MessageSujet: LES DONNÉES LINGUISTIQUES   Jeu 13 Sep - 1:59

LES DONNÉES LINGUISTIQUES
L’apport des études linguistiques ne peut être négligé dans un essai de définition des origines berbères dans la mesure où la langue est aujourd’hui le caractère le plus original et le plus discriminant des groupes berbères disséminés dans le quart nord-ouest du continent africain.

Une indispensable prudence

Les idiomes berbères adoptent et "berbérisent" facilement nombre de vocables étrangers : on y trouve des mots latins, arabes (parfois très nombreux on compte jusqu’à 35 % d’emprunts lexicaux à l’arabe, en kabyle), français, espagnols… Il semble que le libyque était tout aussi perméable aux invasions lexicales, surtout en onomastique.

On doit par conséquent se montrer très prudent devant les rapprochements aussi nombreux qu’hasardeux proposés entre le berbère et différentes langues anciennes par des amateurs ou des érudits trop imprudents. D’après Bertholon le libyque aurait été un dialecte hellénique importé par les Thraces ; d’autres y voient des influences sumériennes ou touraniennes. Plus récemment l’archétype basque a été mis en valeur, avec des arguments à peine moins puérils. Les amateurs du début du siècle croyaient, en effet, pouvoir fonder leurs apparentements en constituant de longues listes de termes lexicaux parallélisés à ceux de la langue de comparaison. De tels rapprochements sont faciles, on peut ainsi noter de curieuses convergences de vocabulaire aussi bien avec les dialectes amérindiens qu’avec le finnois.
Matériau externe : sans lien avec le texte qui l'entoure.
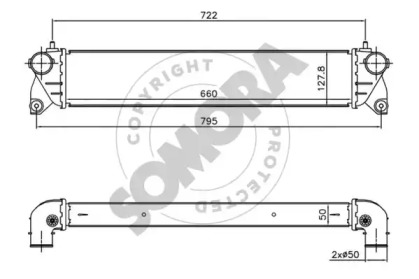 Интеркулер SOMORA 306045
Ces dévergondages intellectuels expliquent l’attitude extrêmement prudente des berbérisants qui, inconsciemment sans doute, désireraient que soit reconnue l’originalité intrinsèque du berbère. Cette attitude va même jusqu’à douter parfois de la parenté entre le berbère et le libyque, ou, plus exactement, leur prudence est telle qu’ils voudraient être bien sûrs que la langue transcrite en caractères libyques fût une forme ancienne du berbère.

Cette attitude plus que prudente apparaît dans un texte célèbre d’A. Basset : "En somme la notion courante du berbère, langue indigène et seule langue indigène jusqu’à une période préhistorique... repose essentiellement sur des arguments négatifs, le berbère ne nous ayant jamais été présenté comme introduit, la présence, la disparition d’une autre langue indigène ne nous ayant jamais été clairement attestées" (La langue berbère. L’Afrique et l’Asie, 1956).

Les inscriptions libyques

Malgré leur nombre et un siècle de recherches, les inscriptions libyques demeurent en grande partie indéchiffrées. Comme le signalait récemment S. Chaker (1973), cette situation est d’autant plus paradoxale que les linguistes disposent de plusieurs atouts : des inscriptions bilingues puniques-libyques et latines-libyques, et la connaissance de la forme moderne de la langue ; car, si nous n’avons pas la preuve formelle de l’unité linguistique des anciennes populations du Nord de l’Afrique, toutes les données historiques, la toponymie, l’onomastique, le lexique, les témoignages des auteurs arabes confirment la parenté du libyque et du berbère. En reprenant l’argument négatif dénoncé par A. Basset, mais combien déterminant à mon avis, si le libyque n’est pas une forme ancienne du berbère on ne voit pas quand et comment le berbère se serait constitué.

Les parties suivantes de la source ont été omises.